Tagging @LDeakin again, because the linking didn't seem to work.

LDeakin · 2025-05-06T03:24:24Z

It looks pretty reasonable to me, but I could give you a more definitive review if I get around to implementing it. @jbms do you intend to support this in tensorstore / neuroglancer?

@normanrz Should extensions have an implementation before they get merged in this repo?

jbms · 2025-05-06T04:03:25Z

I do intend to implement it in tensorstore and neuroglancer. I've started the tensorstore implementation.

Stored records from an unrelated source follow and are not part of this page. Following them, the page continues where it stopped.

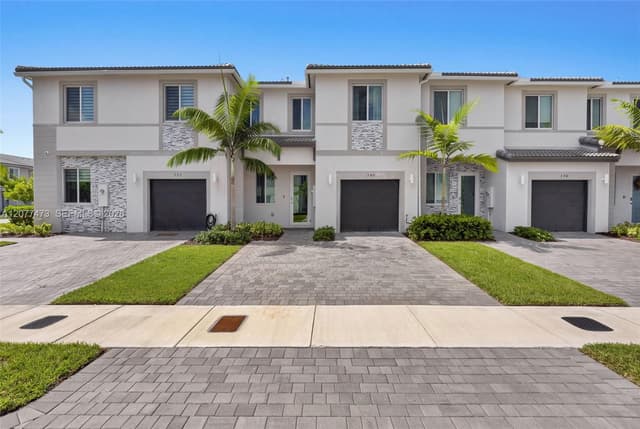746 SE 14th St, Homestead FL 33034 - Homestead, FL - Photo 2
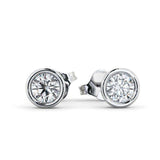 Boucles d'oreilles solitaire en or blanc, serties clos de diamants de laboratoire de 0,30 ct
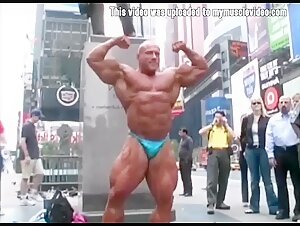 Flexing on Times Square - Heiko Kallbach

There are some tradeoffs I made in designing this:

Allowing dimensions to be specified indirectly (i.e. as the product of one or more input dimensions, or -1 to mean all remaining) is critical to allow it to work with variable chunking. It adds a bit of complexity in resolving the shape but it doesn't affect anything else.
I think it will often be useful to combine this with transpose. If all elements of the shape had to be specified as an array of input dims (no explicit size or -1) then it would be natural to allow this codec to also perform transposing. But we already have transpose for transposing and then it wouldn't support cases that require an explicit size for some dimension (though I can't really think of a lot of clear use cases for that).
For implementations like zarrs that always use a fixed c/Fortran memory layout non-partial encoding and decoding should be trivial. On the other hand, when combined with transpose there may be unnecessary copying. When allowing arbitrary strided layouts as in tensorstore (and I think zarr-python), the non-partial encoding and decoding is more complicated -- some cases can be handled without copying, some cases can't.

jbms · 2025-05-06T04:06:12Z

I will indeed implement it before switching to non-draft but also wanted to get feedback on it.

normanrz · 2025-05-06T17:19:37Z

@normanrz Should extensions have an implementation before they get merged in this repo?

There is no strict requirement to have an implementation when registering the name. It is recommended, though.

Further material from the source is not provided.